◆ **What you are asked to do**: Restate the listing below line for line and word for word, without the pictures.

*** Supplied data ***

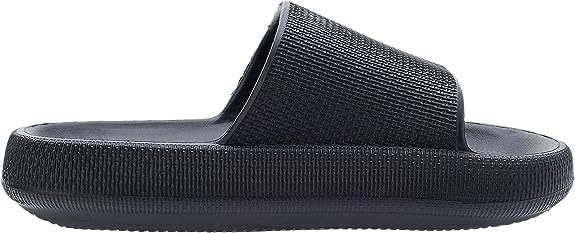 BRONAX Pillow Slippers for Women and Men | House Slides Shower Sandals | Extremely Comfy | Cushioned Thick Sole
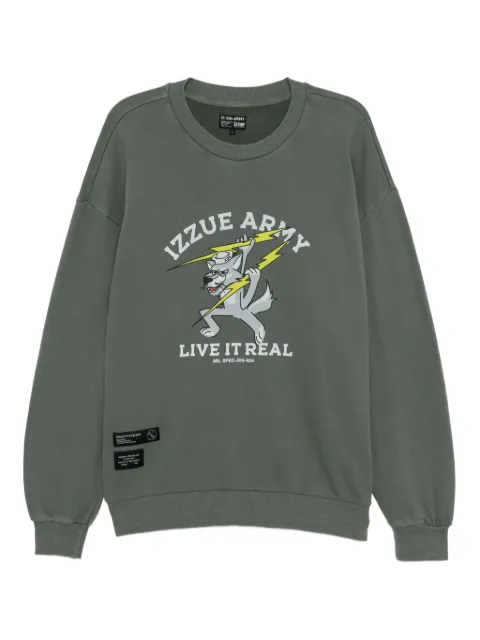 izzue graphic-print sweatshirt Green IZXSWM00348X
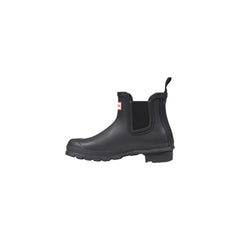 Hunter Black Recycled Polyester Ankle - Boots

*** End of Supplied data ***

◆ **Result below**:
 BRONAX Pillow Slippers for Women and Men | House Slides Shower Sandals | Extremely Comfy | Cushioned Thick Sole
 izzue graphic-print sweatshirt Green IZXSWM00348X
 Hunter Black Recycled Polyester Ankle - Boots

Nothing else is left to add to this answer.